THE RECORDS:
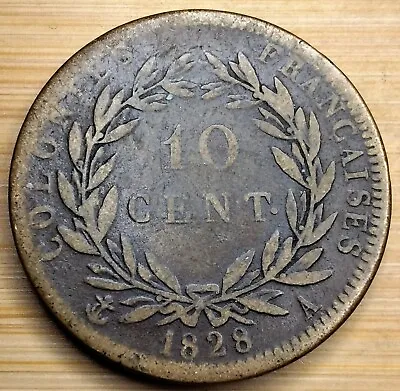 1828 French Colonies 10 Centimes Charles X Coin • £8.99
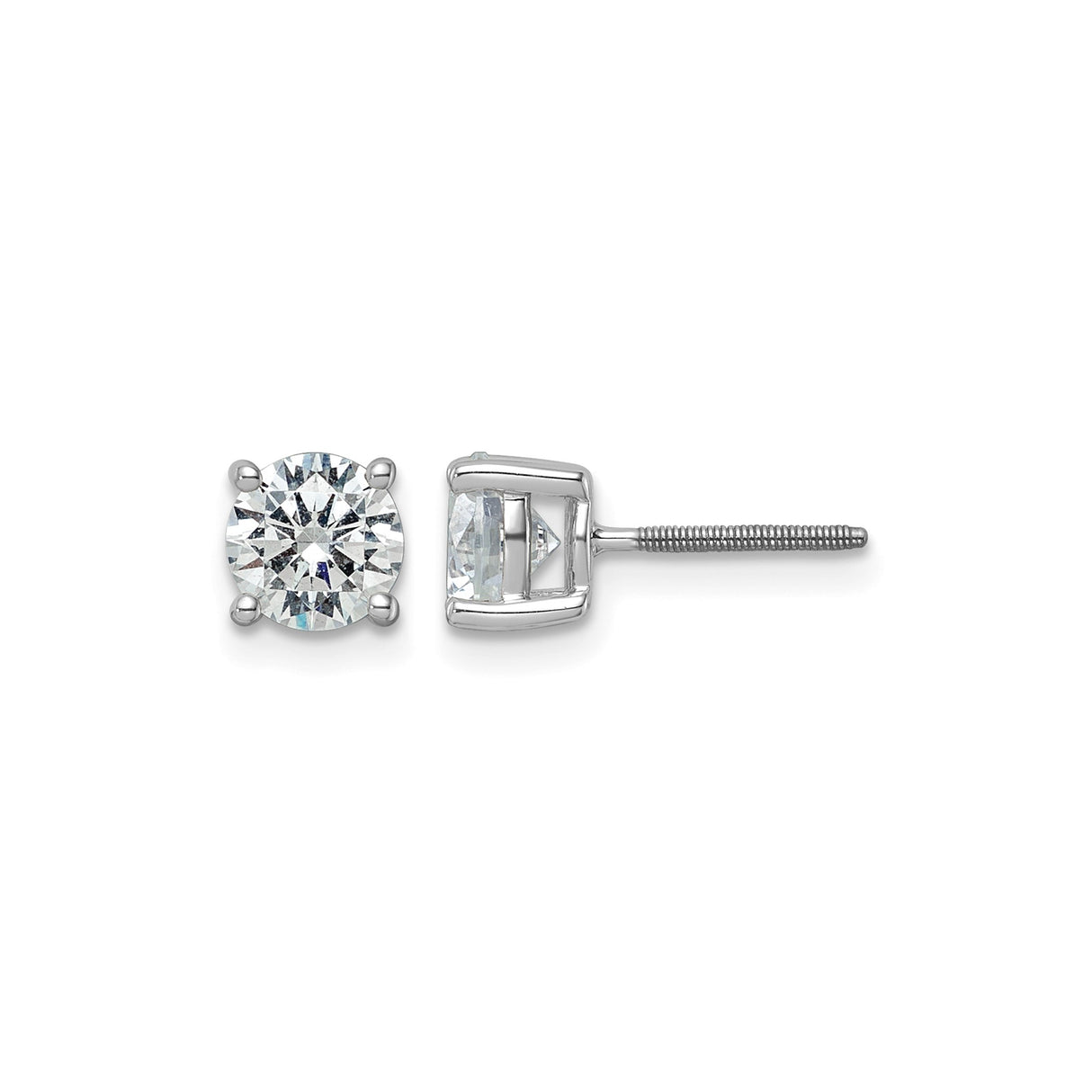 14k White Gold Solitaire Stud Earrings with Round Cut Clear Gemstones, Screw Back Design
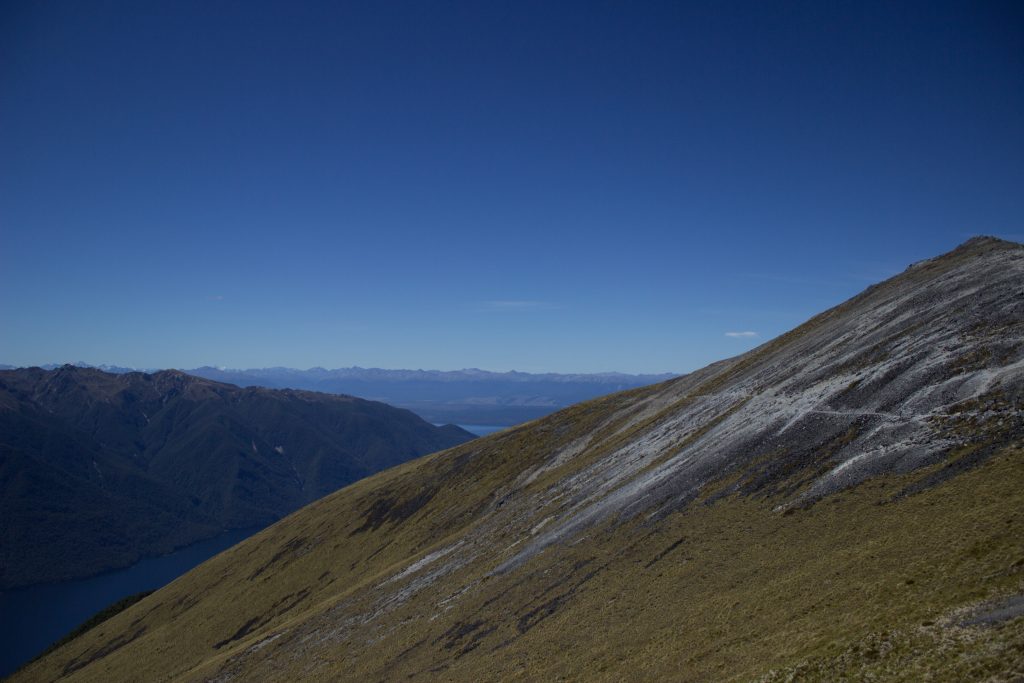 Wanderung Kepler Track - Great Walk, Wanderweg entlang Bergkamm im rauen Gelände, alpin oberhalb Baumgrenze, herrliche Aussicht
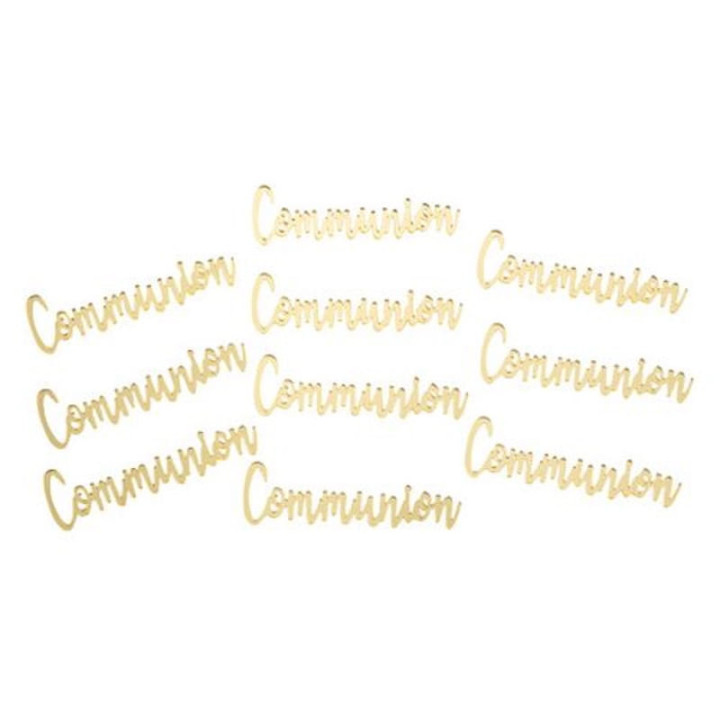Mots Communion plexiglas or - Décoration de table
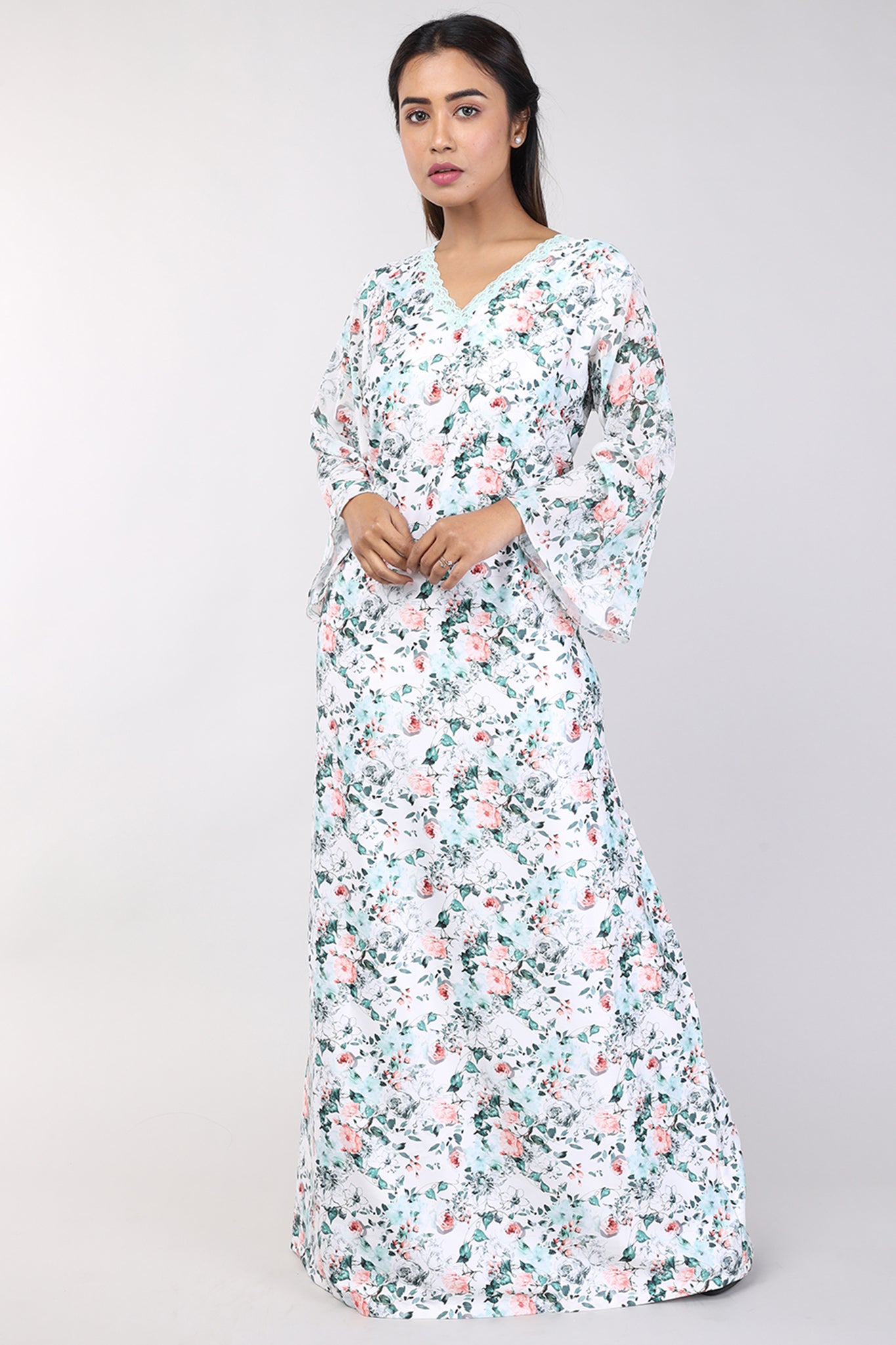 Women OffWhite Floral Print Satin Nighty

==

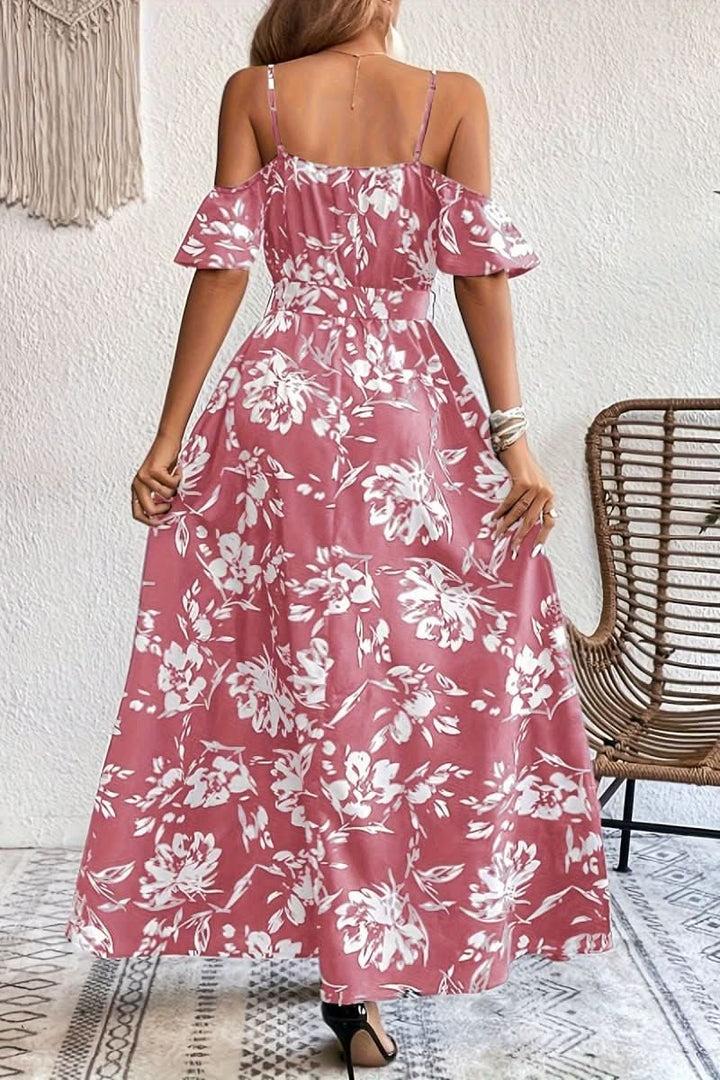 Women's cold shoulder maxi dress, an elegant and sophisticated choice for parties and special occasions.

WHAT TO PRODUCE:
Each line above starting at the one holding "1828 French Colonies" and ending at the one holding "Women OffWhite Floral Print Satin Nighty" should be set down exactly as it stands, both ends included, with no pictures.

EXERCISE SOLUTION:
 1828 French Colonies 10 Centimes Charles X Coin • £8.99
 14k White Gold Solitaire Stud Earrings with Round Cut Clear Gemstones, Screw Back Design
 Wanderung Kepler Track - Great Walk, Wanderweg entlang Bergkamm im rauen Gelände, alpin oberhalb Baumgrenze, herrliche Aussicht
Mots Communion plexiglas or - Décoration de table
 Women OffWhite Floral Print Satin Nighty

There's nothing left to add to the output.